Chapter 27: Untraceable; misery(rated T for adult themes);
Please note: In the Works Cited portion of Chapter 1 there are suggested music pieces to accompany this and other Chapters to enhance your experience of reading. I hope you enjoy them...
Zuma Rock, north of Abuja, Nigeria, 2015
He had to stop and rest again; lungs burned and that sick feeling inside him wouldn't leave. Hours of walking in the heat; he'd made slow, painful progress – and at least now he was nearly there at Zuma Rock. All 700 meters of it; lifting stupendously straight up from the scrub brush at its base, commanding the entire view from the highway nearby.
It's nearly impossible to look away from it, as you travel north from Abuja, so imposing a structure it is.
At first, it appears unavoidable as you drive. And you're certain that the highway will deliver you right to the mouth of the monolith, squatting there like some menacing alien blob on the landscape. Three kilometers around, gently rounded on the top, with long vertical scrapes gouged in its sides, and that most peculiar oddity – a human face looking out; bright and white like chalk against the steel gray of rock. Large white eyes, a slash of a nose and mouth carved in its side by Nature, a-watch over traffic far below.
As soon as Olawale rested his own eyes on those of Zuma Rock, he'd kept himself pointed toward them and made his way in the heat - through scrub and trees, until he was there. Down at the base the ground was littered with tons of stone fallen from the surface. He could see a dark gray pile of broken slabs peeled away, jumbled together beneath Zuma's eyes. But around to the West side, two hundred meters distant, was Olawale's destination today.
In a deep gouge no different than the dozens marking its surface was a hidden entrance to a small cave inside. Handholds carved in the rock wall made a passage up; up like a stairway angling to a natural air pocket in the rock. It lay behind that human face outside, in a crack behind its right eye, where Olawale kept his secret lab.
As he slid inside the gouge in the rock, wiping away spider webs at the entrance, Olawale could see the wall of handholds beyond – daunting for him to climb today.
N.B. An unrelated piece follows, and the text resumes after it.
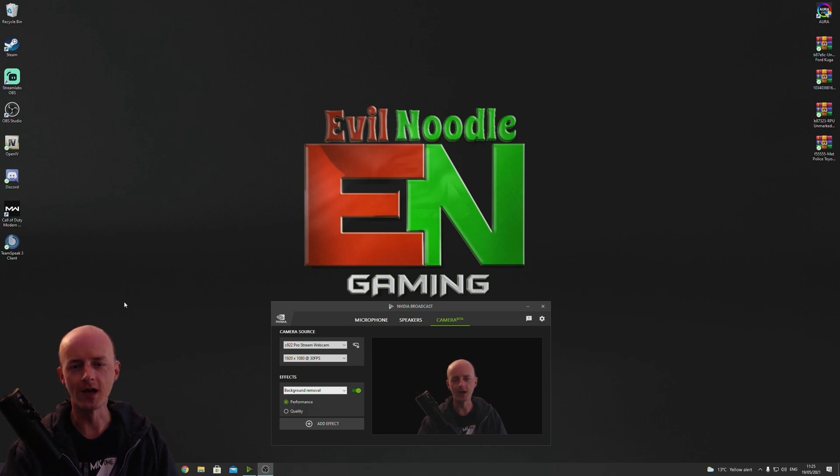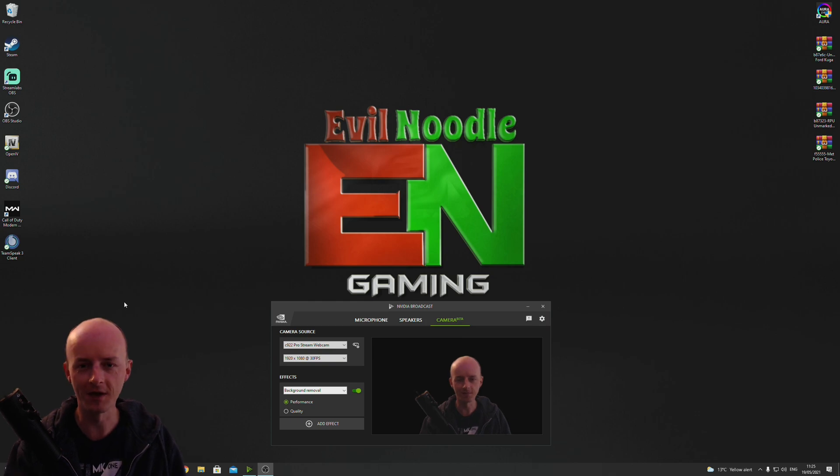Ladies and gentlemen, welcome to Evil Noodle Gaming. If you're struggling to get NVIDIA Broadcast to work — it doesn't pick up your camera on your OBS software or your Streamlabs software, it just doesn't find it, it doesn't work.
In his current state, he wasn't sure he could make it up the steep course - but perhaps if he rested for a little while, his strength would return.
Olawale lowered himself down, gingerly, grimacing as his ribs complained. A rest here on a stone seat, out of the hot sun, would surely fortify him for the climb. And once he'd reached the lab, a gift waited for all that effort. Up there was a living space and his lab, full of hand-built technology. Beyond that, he even had a working kitchen, of sorts. His thoughts went to the near corner of the kitchen, where a giant blue-gray crock perched on stout wooden legs. Inside were tens of liters of purified water, kept cool by slow evaporation from the surface of the crock; no need for refrigeration. Olawale licked dry lips. Cool water was just what he needed right now, and just this climb away.
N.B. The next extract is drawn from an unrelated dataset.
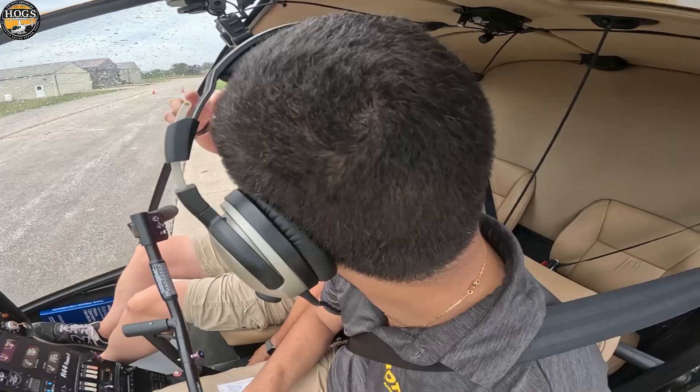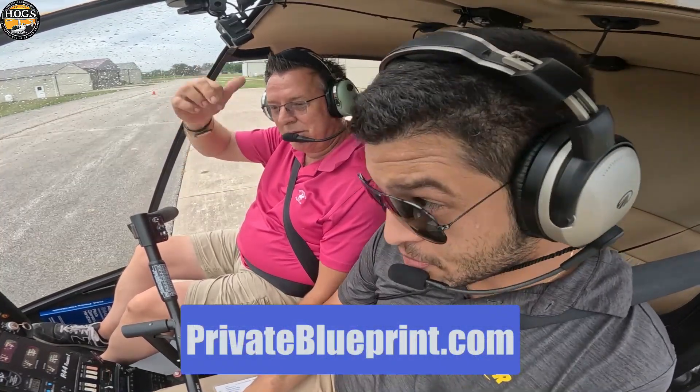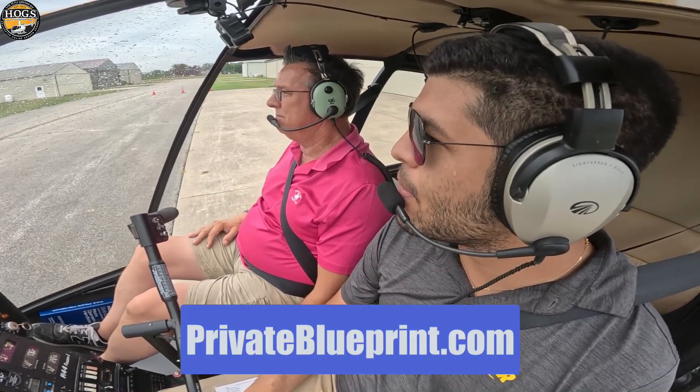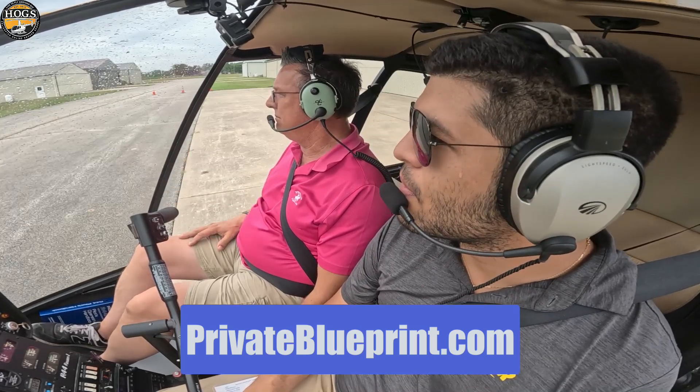We have more free resources, like this free video — Private Pilot 101, Helicopter Training Blueprint. It's our Amazon number one bestseller. We'll put a link around this video where you can get a free PDF or the paperback copy at privateblueprint.com. All kinds of free info in there to help you get started on your flight training journey.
Years ago his father had brought him here, showed him the original lair where the elder would hide when things got too hot for him back in Abuja. Zuma Rock had a long history of sheltering tribesmen from those searching. Many legends told of hiding out in Zuma Rock until it was safe to leave. All along its base were openings where one could find some cave, some place of refuge.
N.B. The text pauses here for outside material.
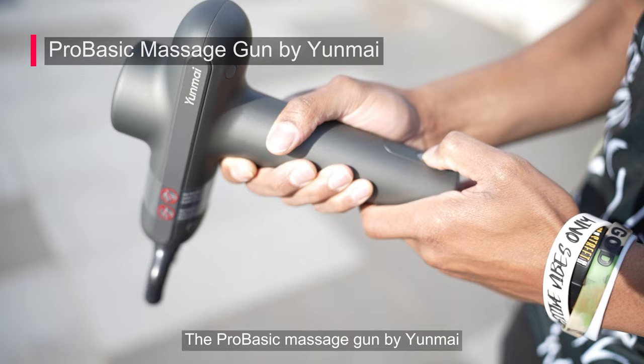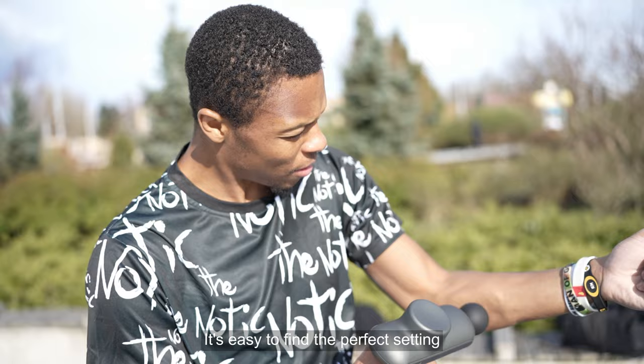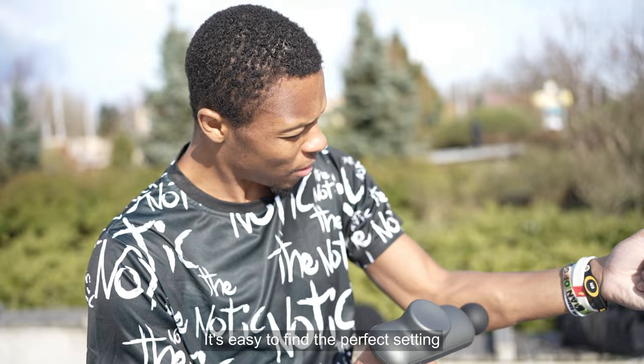For muscle recovery and warm-ups, the Pro Basic Massage Gun by Yunmai has three different speed settings and four interchangeable massage heads. It's easy to find the perfect setting to relieve muscle knots and soreness.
And so it was that after his father was arrested and jailed, Olawale thought to return, here. Few knew there was a son of Olawale, and he preferred that it stay so. For long months Olawale, the son, sought his own kind of refuge here, making his plans, provisioning and enlarging the space to meet his needs. Here was where the transformation to cyber-ghost, the one that Greer had sought, actually took place - here inside these walls.
Olawale had built the lab above him inside Zuma Rock, tapping power from electric lines running nearby, slowly transporting equipment here over months in the dark of night. And even though this was one of the most photographed sites in his country, Zuma Rock was not a site where people flocked. As popular as it was, there were no services here, no souvenir shops, no yawning lots to park a car, or vantage points from which to snap its picture. Those who hiked in from the highway, not an easy feat, didn't stay long. And that suited Olawale just fine.
An occasional pair or small team might come to climb the rock face, but that had never bothered him. They looked like tiny ants on a hill, so vast was the size of Zuma Rock. And, who would guess that behind the right eye on Zuma's face, where the dark opening of a pupil lay, that's where Olawale's lab would sit. Unnoticed, perfectly positioned to observe the highway and distant capital, Abuja, sprawling before him. At more than 300 meters up, a thousand feet above the surrounding grounds, he had the best view possible of the entire south face, right from his lab. And inside – this is where he'd come to design and build technology - a system that would rival even Greer's Samaritan.
All his life, Olawale had been called a genius – and worse. He'd led a double life, hidden by his father to protect him from the world his father coveted. It was a world of wealth, power, prestige, bought with the gains from swindling those who didn't even know they were being taken. Olawale Senior was, in fact, a criminal. He'd assembled young men under the guise of a school meant to teach computer skills. But behind the faded sign outside, his school was a hub for cyber crime and cyber criminals. His father recruited and trained them - right there inside the walls of his school. And while Olawale Junior lived and schooled himself in London, his father lived a very different life here, in Abuja.
That is until one night, when Olawale received a coded message from his father.
He'd been targeted again by local and federal police. But this time it looked like he wasn't going to escape. This was a final message to tell him the truth, to let him know what had really happened if the two never saw each other again. Olawale scoured the news for any announcement, any word of his father's fate. But there was nothing. He'd disappeared inside the legal system there; he'd become a non-person, a ghost. Olawale's father warned him not to return, not to look for him, not to risk his anonymity. He'd made his choices, he'd said, and payment had come due.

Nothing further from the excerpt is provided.